FIG. 4A shows an example of the quantum level of the conduction band of a three-dimensional confined quantum well composed of quantum dots. Quantities related to the x, y, and z directions are n _x , n _y , and _nz , respectively. Quantum number _{n x, n y,} the quantum level defined by _{n z,} | represented by _{n x n} y _{n z>.} In the quantum dot, due to the asymmetry of the geometric shape, etc., higher-order quantum levels are not degenerated in the x, y, and z directions. That is, the energy levels of the quantum levels | 001>, | 010>, and | 100> are different from each other.

  Let the transition source level be the ground level | 000>. The wavelength corresponding to the energy difference between the ground level and the quantum level | 001> is λz, the wavelength corresponding to the energy difference between the ground level and the quantum level | 010> is λy, and the ground level and the quantum level. A wavelength corresponding to the energy difference from the position | 100> is λx.
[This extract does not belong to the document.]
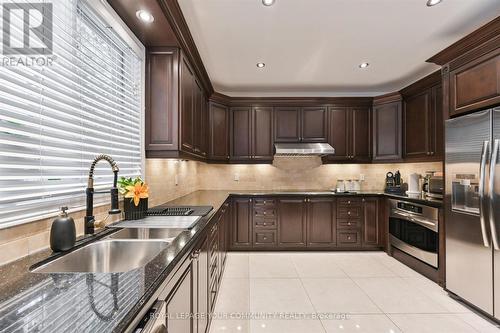 27 Pathlane Road, Richmond Hill (Langstaff), ON - Indoor Photo Showing Kitchen With Double Sink With Upgraded Kitchen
  FIG. 4B shows the relationship between wavelength, polarization direction, and absorption probability. First, a case where infrared rays having a wavelength λx are incident on the quantum dot layer will be described. Since the wavelength λx is different from the wavelengths λy and λz, there is no transition in which the transition destination levels are | 001> and | 010>. Further, even when the wavelength is λx, when the polarization direction is parallel to the y-axis, a transition with a transition destination level of | 100> does not occur. An infrared ray having a wavelength λx and a polarization direction parallel to the x-axis is absorbed by electrons in the ground level, and a transition in which the transition level becomes | 100> occurs. This transition probability (infrared absorption probability) is P.

  Similarly, infrared rays having a wavelength of λy and a polarization direction parallel to the x-axis are not absorbed by the quantum dot layer. Infrared rays having a wavelength of λy and a polarization direction parallel to the y-axis are absorbed by the quantum dot layer. Let this absorption probability be P1.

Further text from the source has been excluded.